It is difficult to understate the catastrophic effect of this loss of livestock on the nomadic Kazakh way of life. Whereas on the eve of the famine in 1929, the average household owned 41 animals, that number had, by 1933, plummeted to 2.2 (Kindler, 100). This radically disrupted the entire production cycle of animal breeding, and many herders found themselves increasingly dependent on settled farmers,  who were already burdened by lofty grain requisitions, for food (Ohayon, 7). Moreover, without pack animals like sheep, camels, and goats, food could not be transported to the kolkhoz or aul quickly enough to avoid spoilage (Kindler, 101). Although all rural populations in Kazakhstan were affected by the collectivization crisis, experts agree that the disproportionate death toll of Kazakhs during the famine can be explained by the nomadic economy’s structural reliance on livestock (Ohayon, 7; Olcott, 136-7; Cameron 2016, 120; Richter, 483).

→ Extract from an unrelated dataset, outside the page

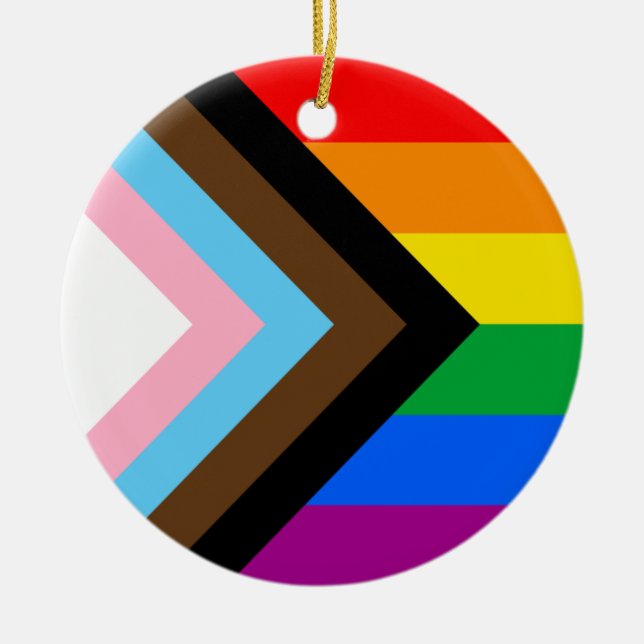 LGBTQ+ Progress Pride Ceramic Ornament (Front)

Kazakhs who sedentarized—either by choice or as a result of abject poverty—also struggled to escape the famine. Formerly nomadic Kazakhs had no experience in settled agriculture and did not have the knowledge or resources necessary to prepare for and survive emergencies like the mass crop failure of 1931 (Kindler, 161). Meanwhile, kolkhozy designated by the state for nomadic settlement were so lacking in basic construction materials that only 15% of habitations planned in the state plan of 1930 were ever constructed (Olcott, 130). State farms were also located in desert areas far from water sources and did not receive adequate seed, leading to livestock death and insufficient crop yields that brought further suffering (Olcott 129-130). Collectivized agriculture in Kazakhstan was so ineffective that, by 1938, the future breadbasket of the Soviet Union was still a net importer of grain (Olcott, 137). 

By the winter of 1930-31, the famine was so severe that “almost every Kazakh was in flight” (Cameron, 143). To avoid famine or requisitions, at least 600,000 people left the republic altogether, using traditional knowledge of seasonal migration routes to seek refuge in Western Siberia, other Central Asian republics, and Xinjiang (Ohayon, 3). This massive flight of starving Kazakhs created a transnational refugee crisis unique to the Kazakh famine. 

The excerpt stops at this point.